The answer must be only the lines below from the one holding "aerie White Denim short" down to the one holding "カワサキ KR1000F 耐久レーサー プラモデル (タミヤ 1/12", ends included, printed exactly; please omit all pictures.
Segment Open
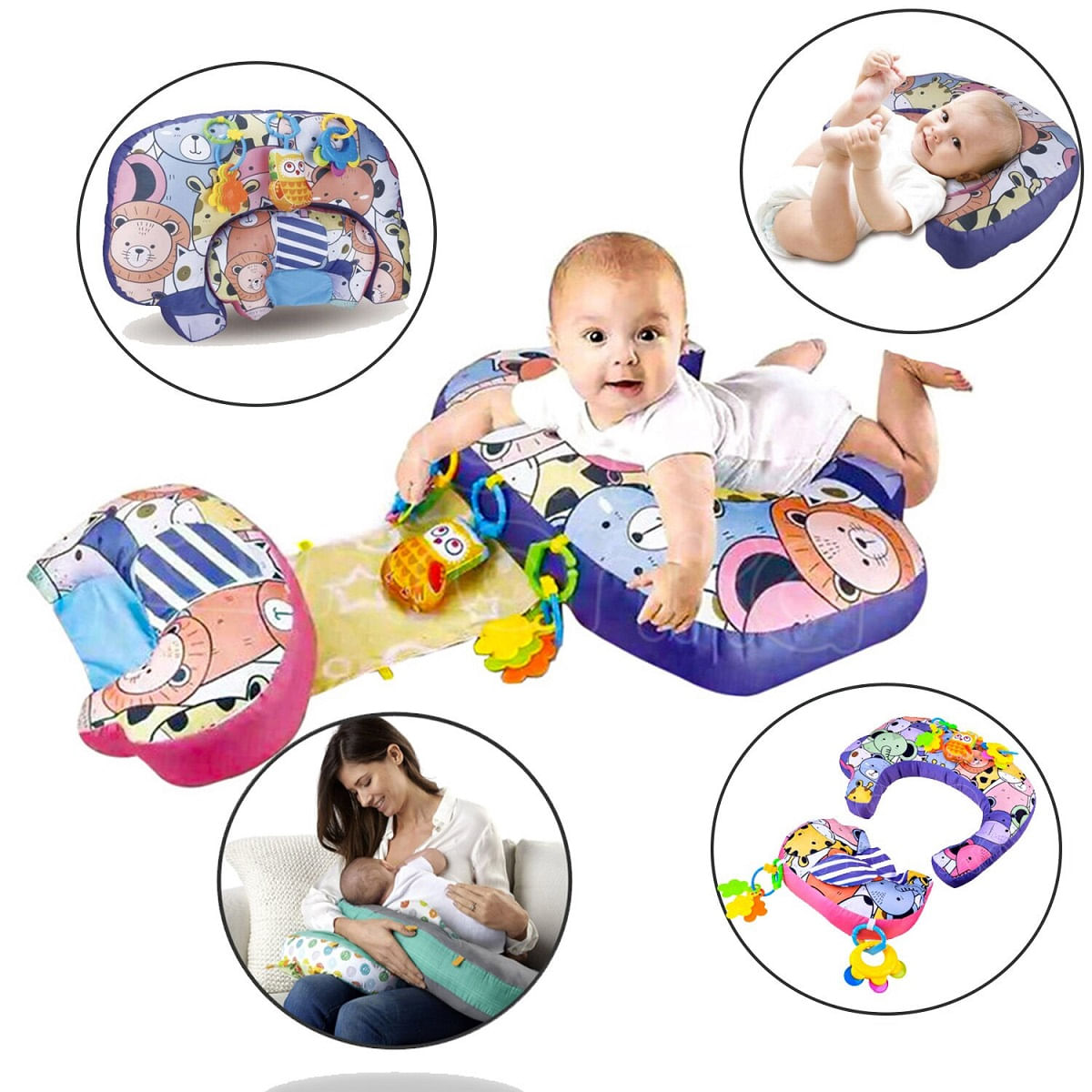 Almohada Multifunción 5 en 1 de Lactancia Niña 028-29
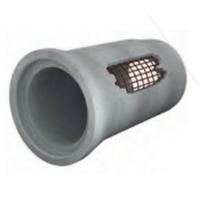 TUYAU 135A DIAMETRE 40 CM, JOINT INTEGRE, LONGUEUR 2.38 M UT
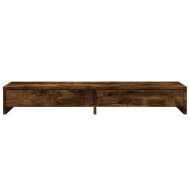 Стойка за монитор с чекмеджета, опушен дъб, 100x27x15 см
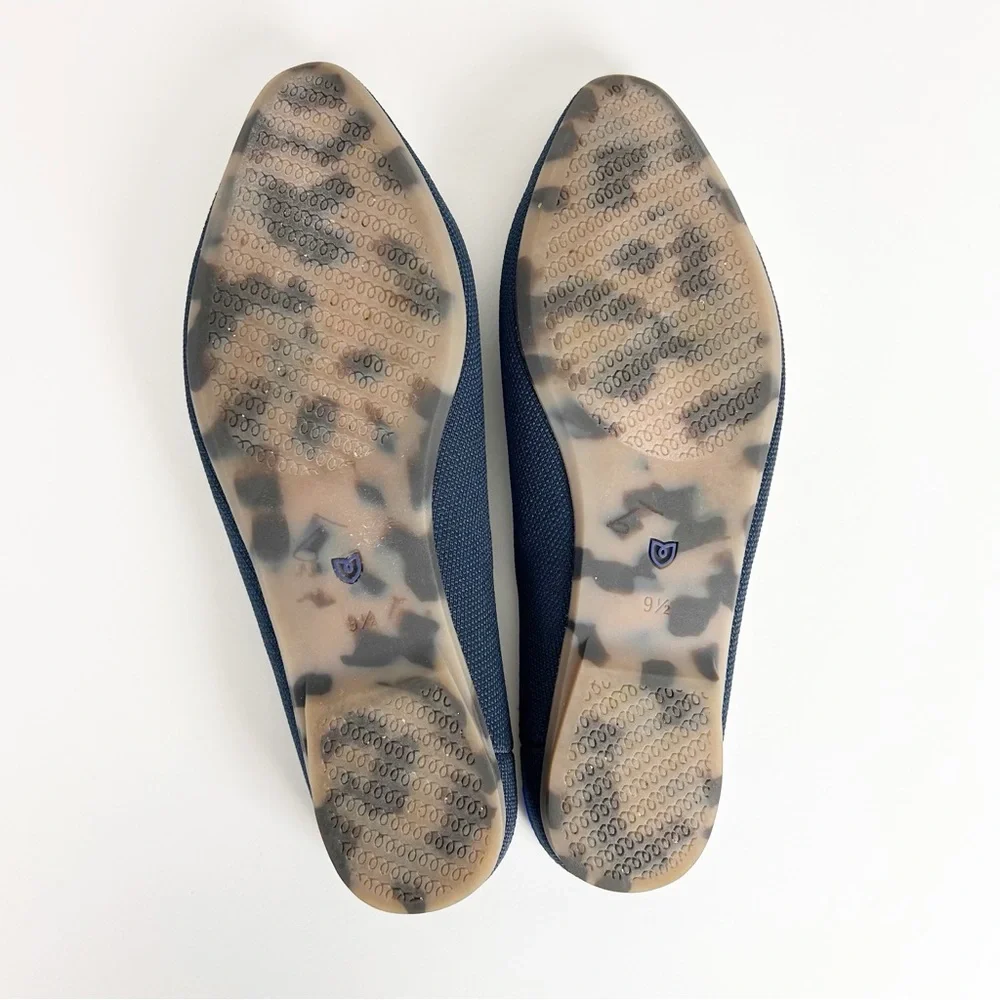 Rothy’s The Almond Demi Mule Flats Navy Blue size 9.5 - Picture 6 of 6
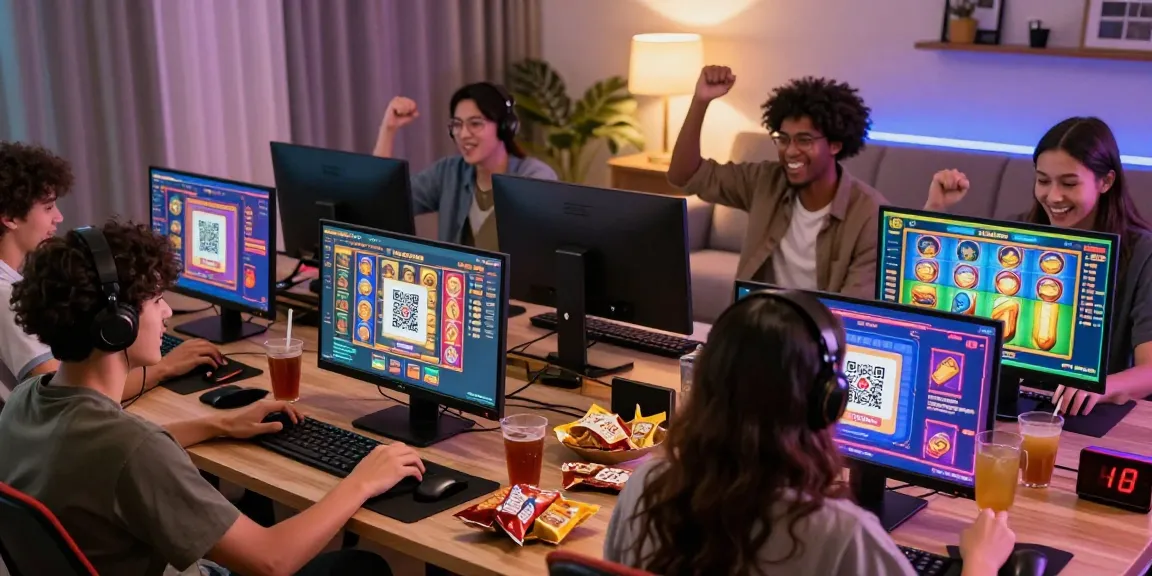 Discover engaging online gaming at https://www.fridacamden.co.uk/ with friends enjoying colorful slot games and seamless QRIS deposits.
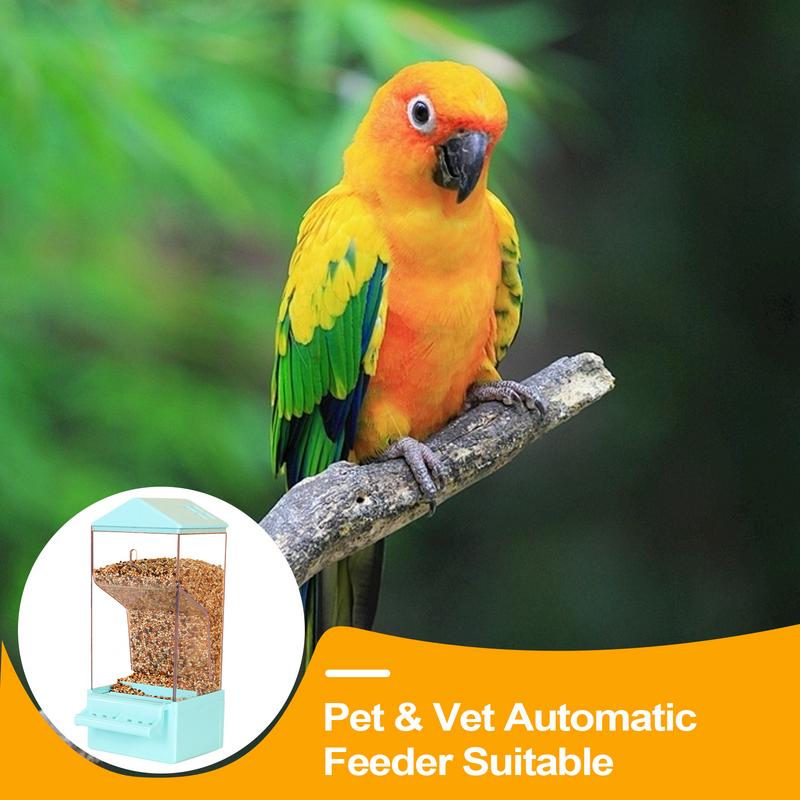 Automatic Bird Feeder For Cage Smart Clear Parakeet Feeder Dispenser Large Capacity Food Container Anti Spill Cage Accessories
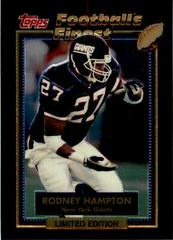 Rodney Hampton #9 Football Cards 1992 Topps Finest Prices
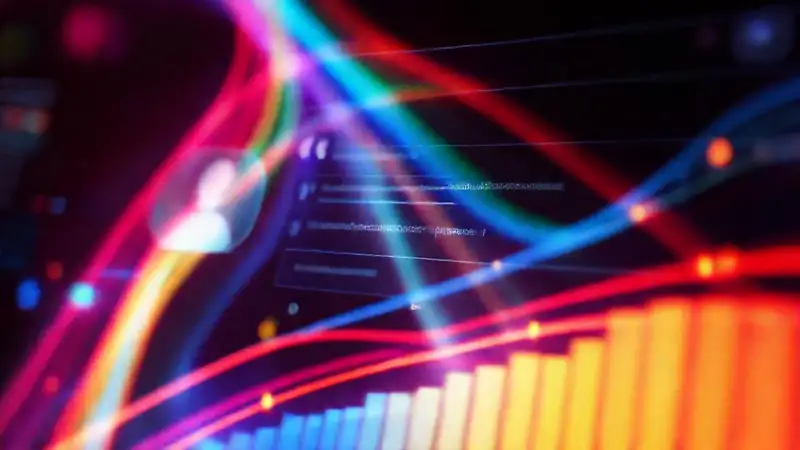 Interfaz digital: datos visuales impactantes y claros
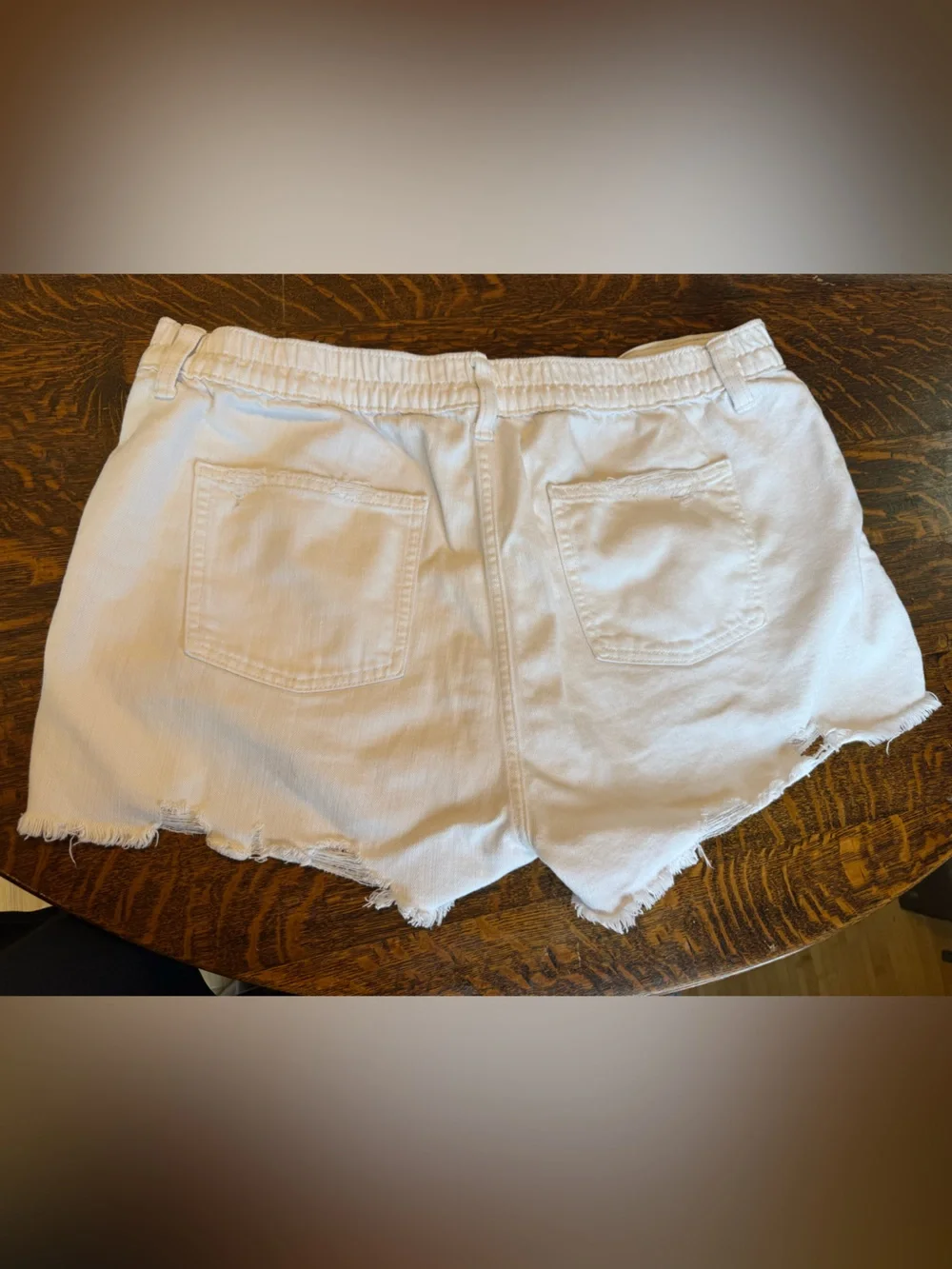 aerie White Denim short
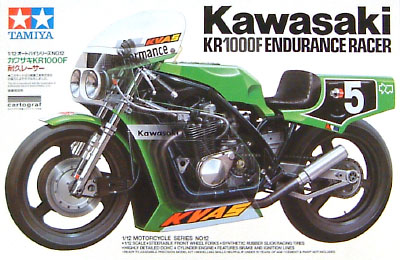 カワサキ KR1000F 耐久レーサー プラモデル (タミヤ 1/12 オートバイシリーズ No.012) 商品画像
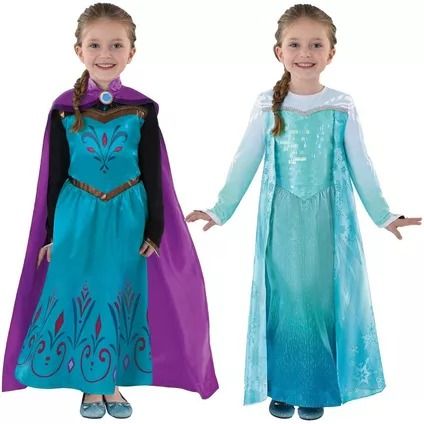 Kids' Transforming 2-in-1 Reversible Elsa Costume - Disney Frozen Snowflake Gown, Frozen Junior, Elsa Costume For Kids, Elsa Frozen Party, Elsa Coronation Dress, Princess Jasmine Costume, Purple Cape, Party City Costumes, Anna Costume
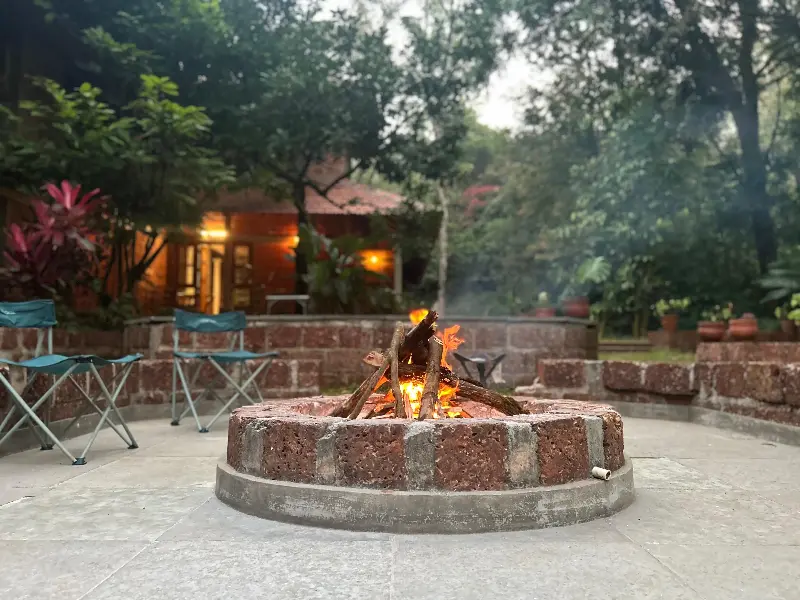 Swapping the digital glow for a primal one at Blyton Bungalow. (Pic: Sanya Panwar)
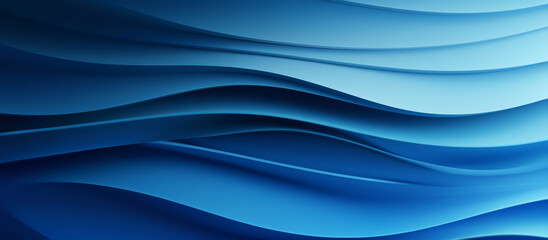 Wall Mural - 3d blue gradient background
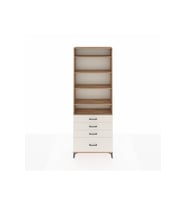 Arges Dolap 5 Raflı 4 Çekmeceli 88x30x243 Çam-Aytaşı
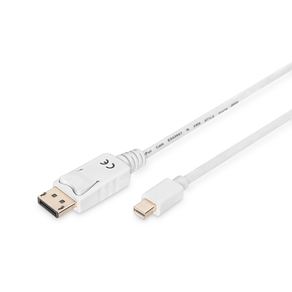 DISPLAYPORT-CONNECTION-CABLE--MINI--DP---DP-M-M--2.0M--W-INTERLOCK--DP1.1A-CONFORM-WH
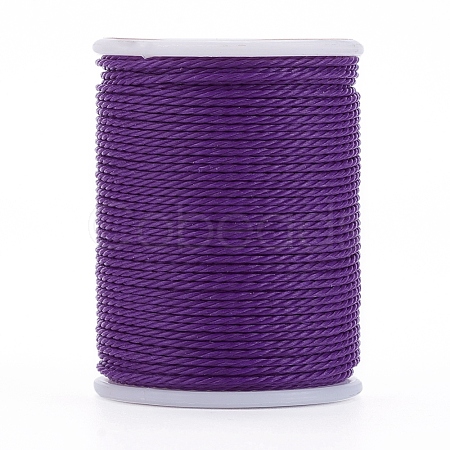 Round Waxed Polyester Cord X-YC-G006-01-1.0mm-13-1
Segment Closed
[OUTPUT OF THE TASK]:
 aerie White Denim short
 カワサキ KR1000F 耐久レーサー プラモデル (タミヤ 1/12 オートバイシリーズ No.012) 商品画像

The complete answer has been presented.